Fig. 2: Damage estimates and UNOSAT labels for Chernihiv.

Building damage estimate for Chernihiv thresholded with the standard confidence threshold of 0.655, aggregated over the first two years of conflict. For clarity, we only present the damage heatmap in the main figure, while three zoomed insets show building-level predictions and highlight some known limitations, such as missing building footprints (Inset A), issues with detecting all small structures (Inset B), and disagreements between UNOSAT points and building footprints (Inset C). Red dots represent UNOSAT annotations indicating buildings marked as either destroyed or severely damaged. The VHR satellite layer is displayed solely for visualization, all results are derived from 10 m-resolution Sentinel-1 images.
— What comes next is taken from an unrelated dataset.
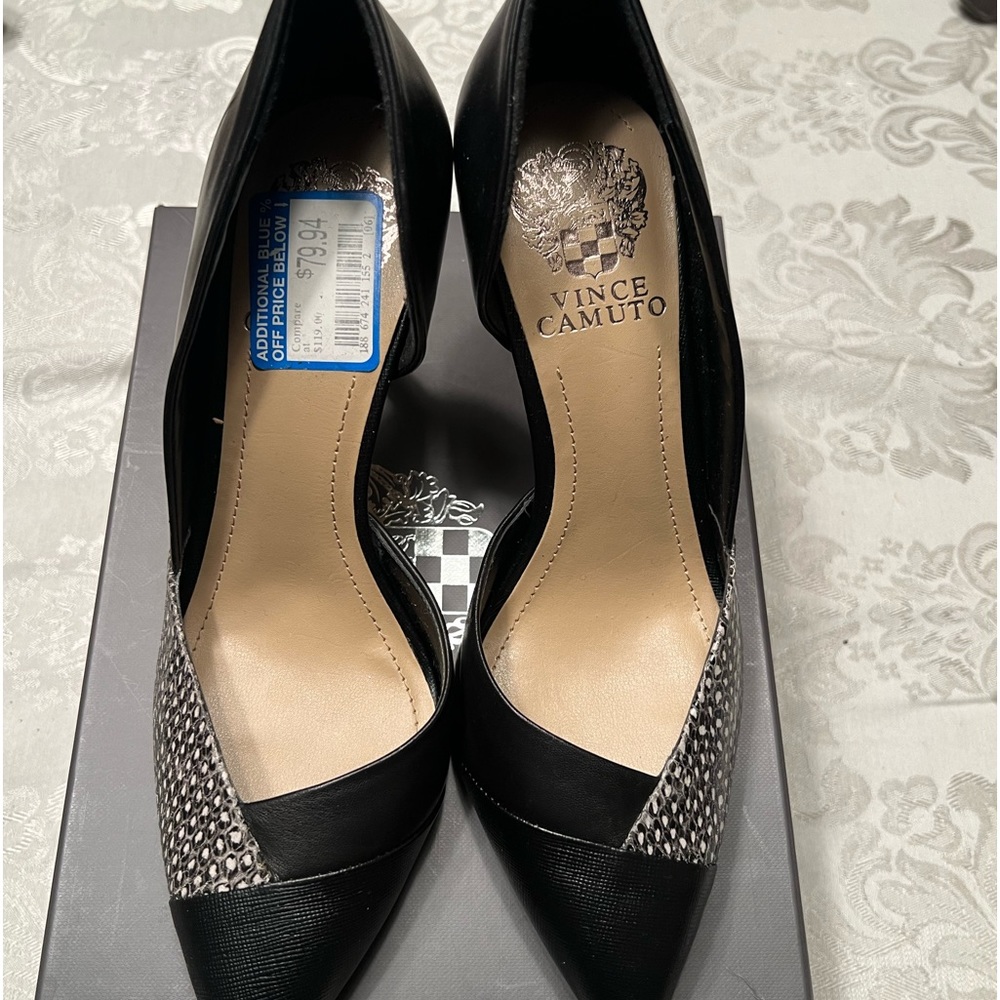 vince camuto green heels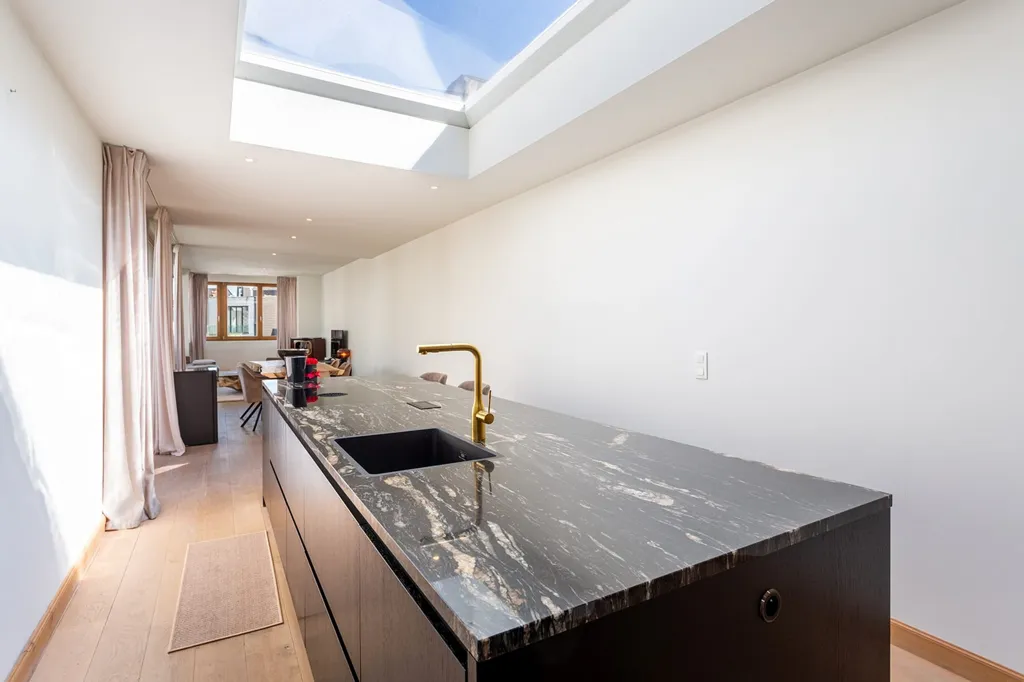 Cuisine - Penthouse Rénové avec Terrasse dans le Zuid d'Anvers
Readers are encouraged to explore the maps on the interactive dashboard. Sources: Google Earth/Maxar Technologies, Overture Maps building footprints, UNITAR/UNOSAT damage annotations.

Web-based tool

We have developed a web application based on Google Earth Engine (GEE) to facilitate rapid reproduction of our results and enable the generation of new maps without any local software installation. The application features a user-friendly dashboard (Fig. 3) that provides the functionality to perform damage assessment for a user-specified region of interest and using user-defined pre- and post-event observation periods. The predicted maps can also be exported as raster files directly from the interface (subject to GEE restrictions on download size). Furthermore, the dashboard includes a visualization tool that enables pixel-by-pixel examination of Sentinel-1 time series data at any desired location.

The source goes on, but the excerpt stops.